View Single Post
Old 2013-03-03, 11:19   Link #93
Last Sinner
You're Hot, Cupcake
 
 
Join Date: Aug 2008
Age: 42
Oh Westlo, you just can't resist stirring up any place that's a guarantee to react to you.

Since this is absurd even by your standards, I'll bite for once.

Firsty, if I read correctly what R3 said, he was talking about traditional mecha, not mecha as a whole. And seriously, using Gundam AGE an excuse to vent about how Unicorn beats almost any title in sales? I think most people have enough of a brain to know about Unicorn and its success in appealing to the more old-school Gundam fans.

Mecha isn't dead but it has morphed substantially with the times. Still, it should be noted that those higher end titles are mainly featuring titles that have had long-standing value/fanbases/merchandise.

On that sales point, you mentioned Gundam, Macross, Yamato and The War as well as Infinite Stratos. But funnily enough...if you look at those sales figures from 2000 onwards beyond that top 11 or so (let's extend it to around 15 to include IS)....there aren't that many more titles that are mech. Code Geass, a bit more Gundam, Tiger and Bunny, TTGL, the Yamato remake.

But let's be fair and remove the established, continually marketed for decades franchises. We're left with Code Geass, Infinite Stratos, Tiger and Bunny and Guren Lagann. To be even fairer, IS isn't exactly a mech show and more of a service/harem show. Tiger and Bunny is more of a parody of superheroes than a straight mecha show. Guren Lagann is a continuation of the FLCL experiments which was already a parody of mecha + other stuff and made to make The Pillows sound even more awesome. Code Geass kind of is but is genre fusion in droves - the mechs are only one slice of the cake.

So....as far as I see it, R3 has a point. Outside of the necromanacy marketing freight train, there's barely a handful of successful shows containing mechs and those doing well weren't strictly mech. Genre fusion has become a necessity of shows involving mechs to be successful. And even then, they're still not blowing the charts to pieces. It's the well-established or well-marketed titles that are (face it, Code Geass had plenty of help in getting itself out there.)

But more to R3's point, a significant shift from traditionalist mecha to modern mecha is the director's intentions and the symbolism. If you read enough about what the directors in the 60s, 70s, 80s and even 90s in some way, were intending to do and what the focus/point of the show was. In the days of Astro Boy, Mazinger and Gundam, mechs were vessels of spirituality helping the protagonist achieving their goal, fulfilling the guardian role for the usual mech cliche of their usually dead relative that left them the mech to save the world, that the pursuit of their goal was to find balance and redeem the soul of the enemy rather than wipe them out or scream justice, which is more typical of Western superheroes. Mechs were essentially Japan's version of superheroes but mixed in their spiritual beliefs.

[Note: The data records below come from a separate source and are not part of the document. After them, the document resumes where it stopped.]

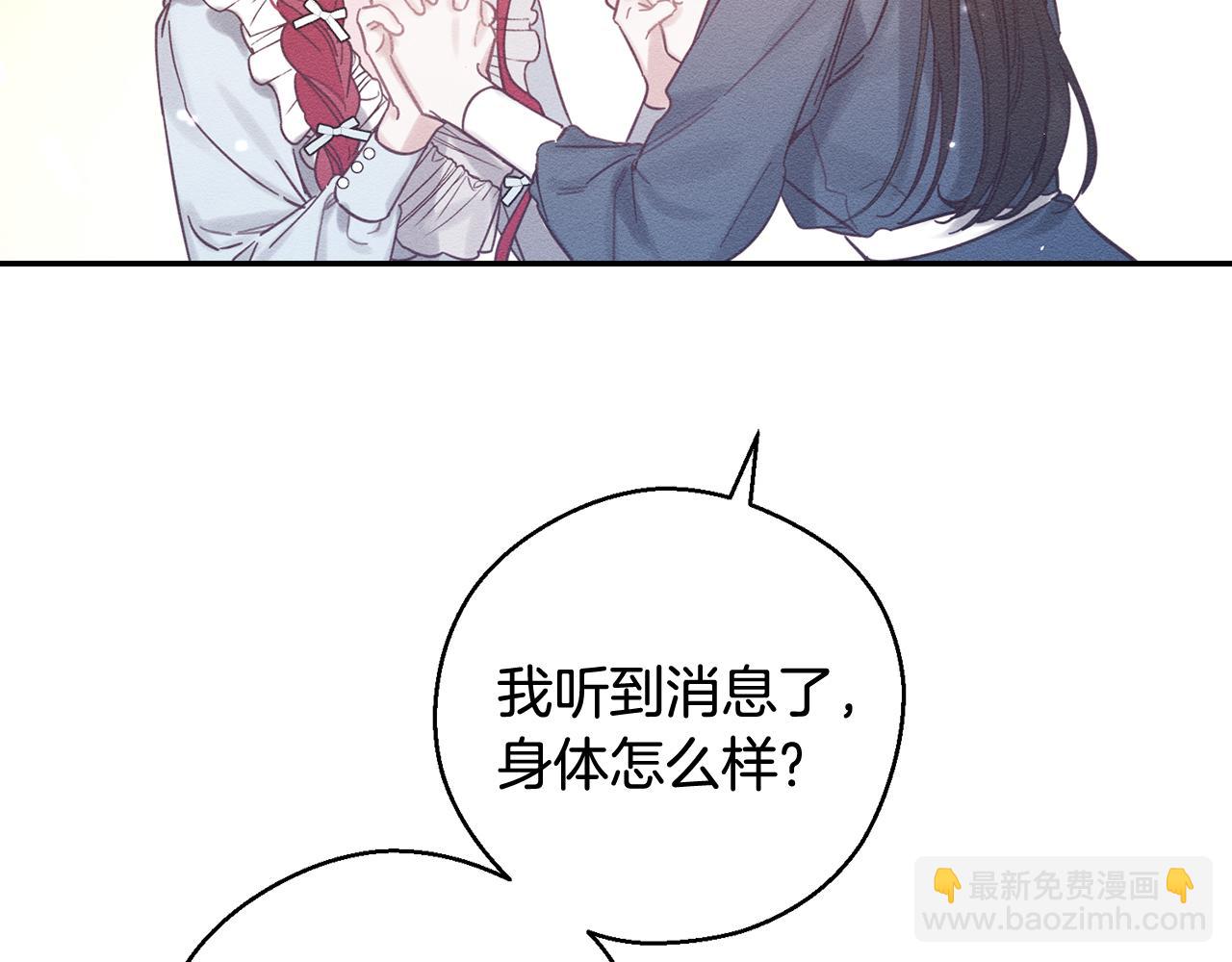 第36话 弟弟飙进度63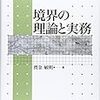 境界の理論と実務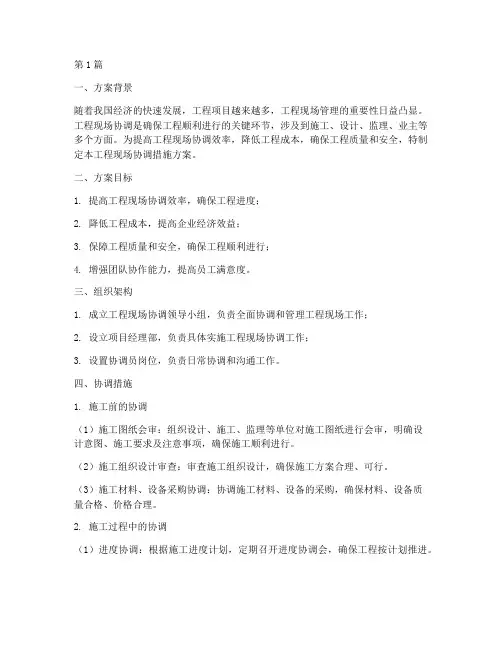 工程现场协调措施方案(3篇)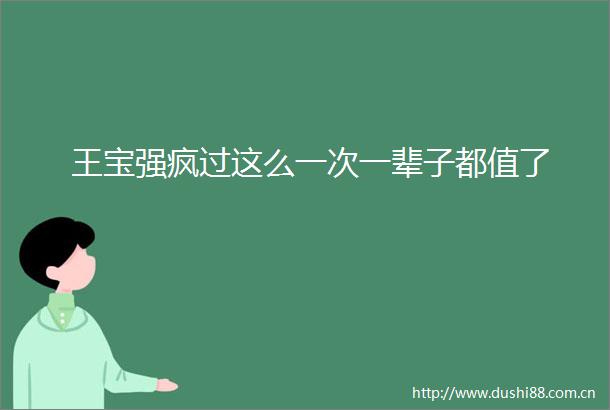 王宝强疯过这么一次一辈子都值了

Is that the point of modern mech shows? Hell no! The point of them is to allow as much merchandise via figues and model kits to come out and sell like hotcakes (merch really is the profit section), to keep the brand known and set a precident to allow other future financially successful ventures in similar veins. There's a reason Japan still hasn't got over The War and perhaps never will - it's the benchmark for success despite its numerous flaws and general insanity. The characters and mechs are marketable, the title is controversial and easy to keep current/known and the possibility of remakes was always there. And in an age where anime is no longer able to experiment and train but more oriented towards likely financial success since the budget allowances of the 70s and 80s just don't exist now, sales will drive what is made.

At least be an amusing troll if you're going to stir up trouble, Westlo. Or provide a more substantial argument than relying on the franchise titles. With that logic, manga is just fine at present because One Piece is setting records all over the place - yet its sales for the industry in total are only 1/4 of what they were in 1995. We know you love your sales, Westlo. We really do. And we know you love to go after Triple_R whenever you're bored. But seriously, at least try. We know you're capable of far better.
__________________

Last edited by Last Sinner; 2013-03-03 at 14:02.